### Supplied records
........
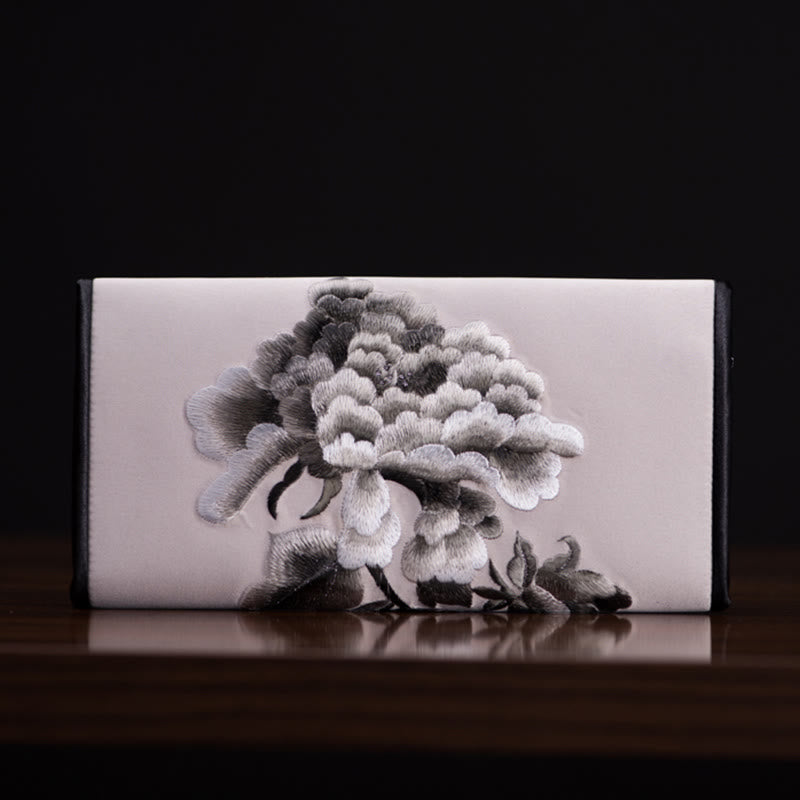 Peony Flower Embroidered Long Purse Handbag 20x10cm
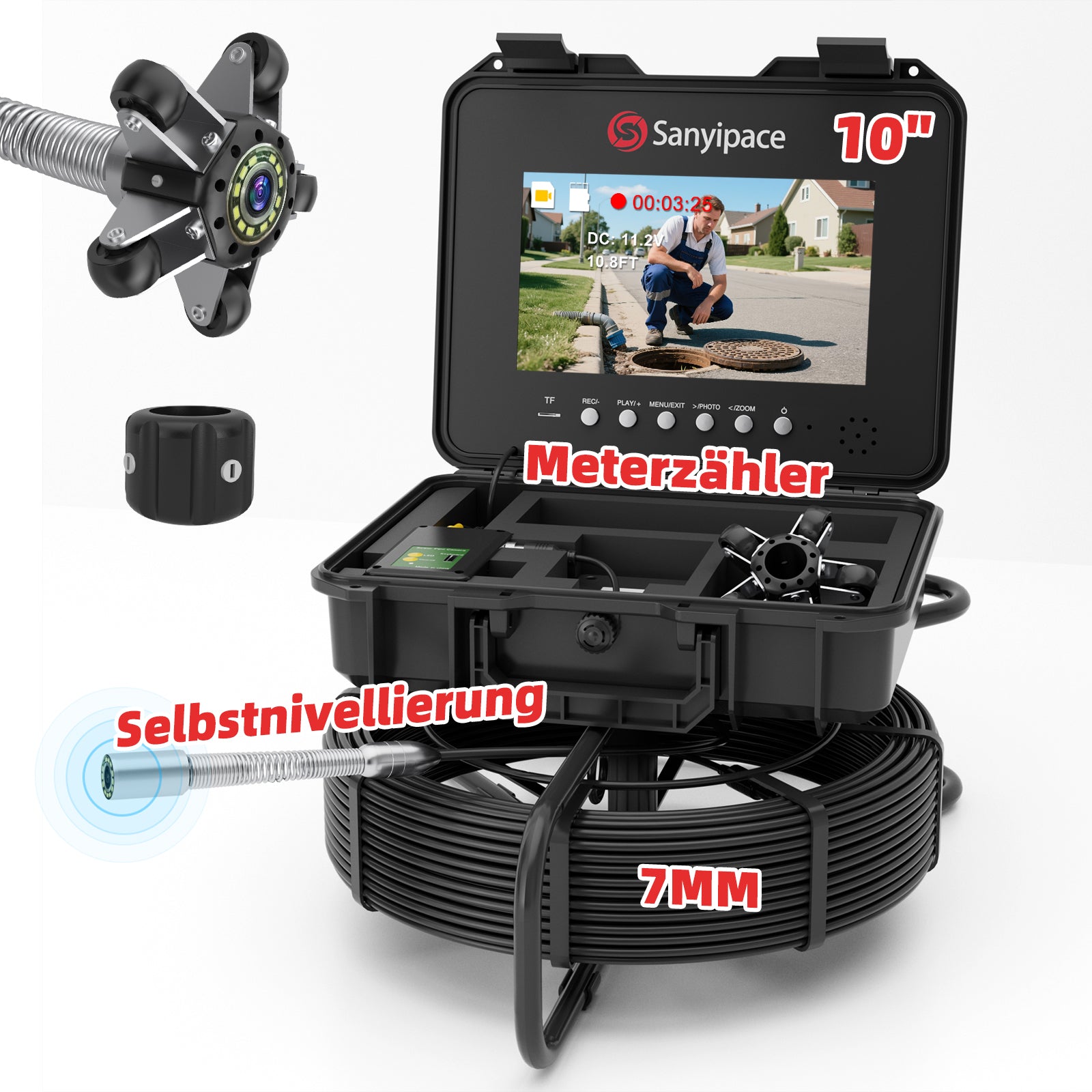 Kanalkamera mit Selbstnivellierung und Messzähler, Abflusskamera Rohrkamera mit 512-Hz-Sender | S840DSTM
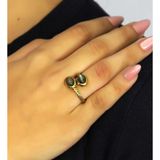 Esha Store Doğal Taş Labradorit İkili Doğal Taşlı Antik Model Kadın Ayarlanabillir Yüzük euy75lbt
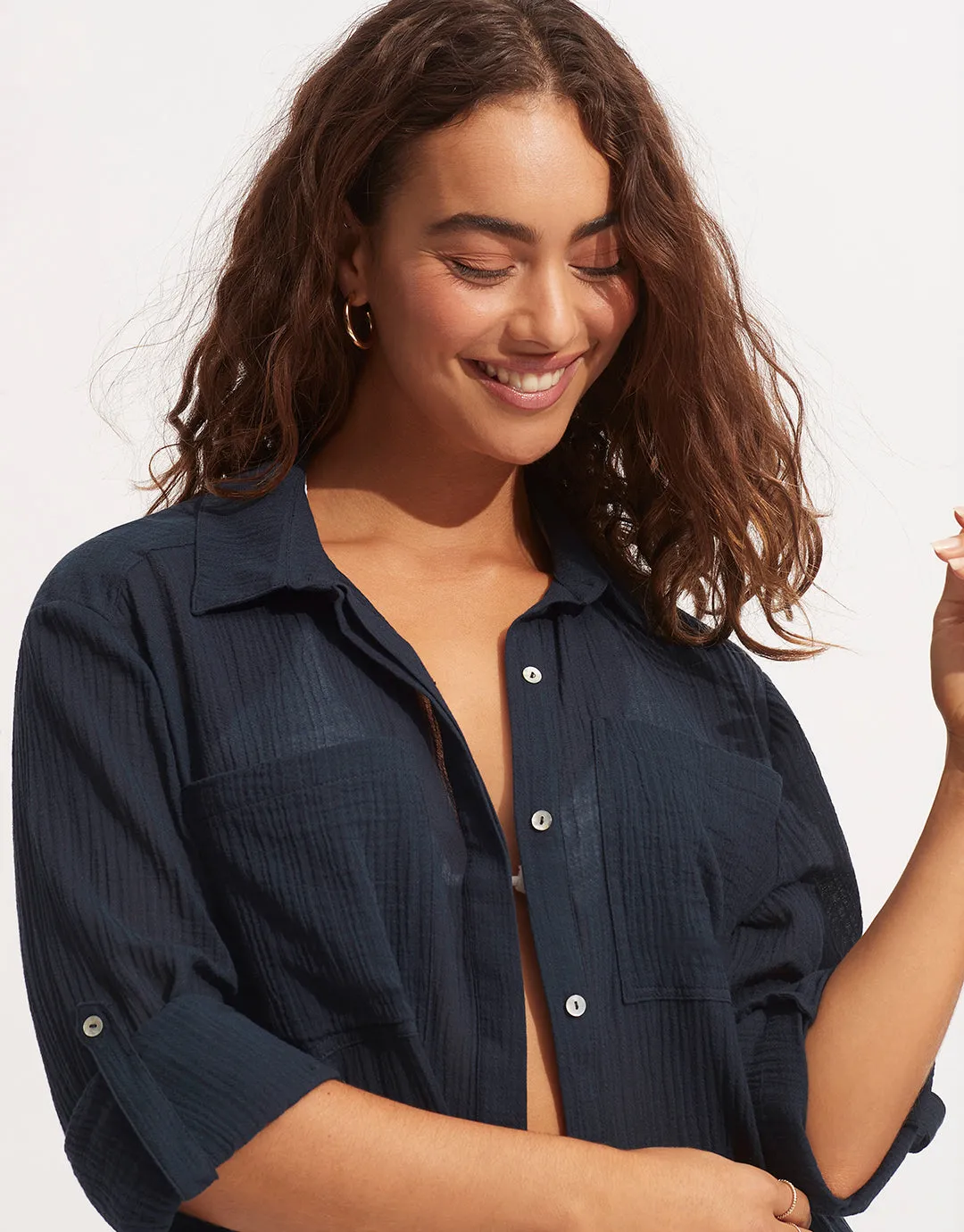 Crinkle Twill Beach Shirt - Indigo
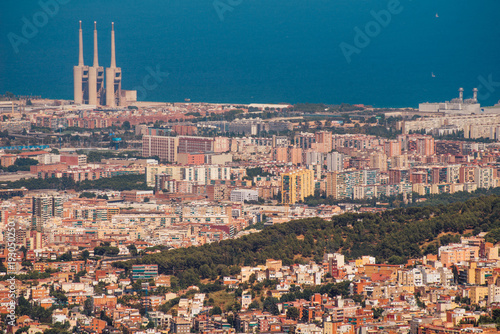 Scenic aerial view from Tibidabo mountain over the city of Barcelona, Spain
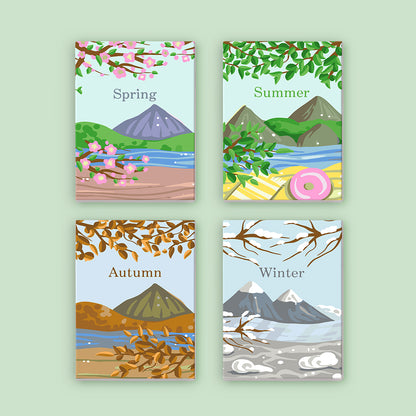 Spring to Winter Mountain Views mini paint by numbers – image 7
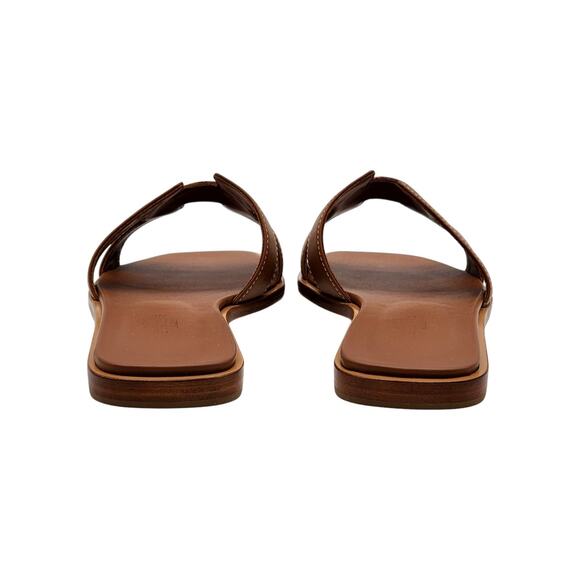 Hermes Oran Women's Leather Slide H Sandals Gold Brown EU 38 US 7.5 - New $840 - Picture 5 of 8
........
### Work request
Please return only the lines running from the line with "Crinkle Twill Beach Shirt - Indigo" to the final line of the data, both included, exactly and without any pictures.

### Response to this task
 Crinkle Twill Beach Shirt - Indigo
 Scenic aerial view from Tibidabo mountain over the city of Barcelona, Spain
 Spring to Winter Mountain Views mini paint by numbers – image 7
 Hermes Oran Women's Leather Slide H Sandals Gold Brown EU 38 US 7.5 - New $840 - Picture 5 of 8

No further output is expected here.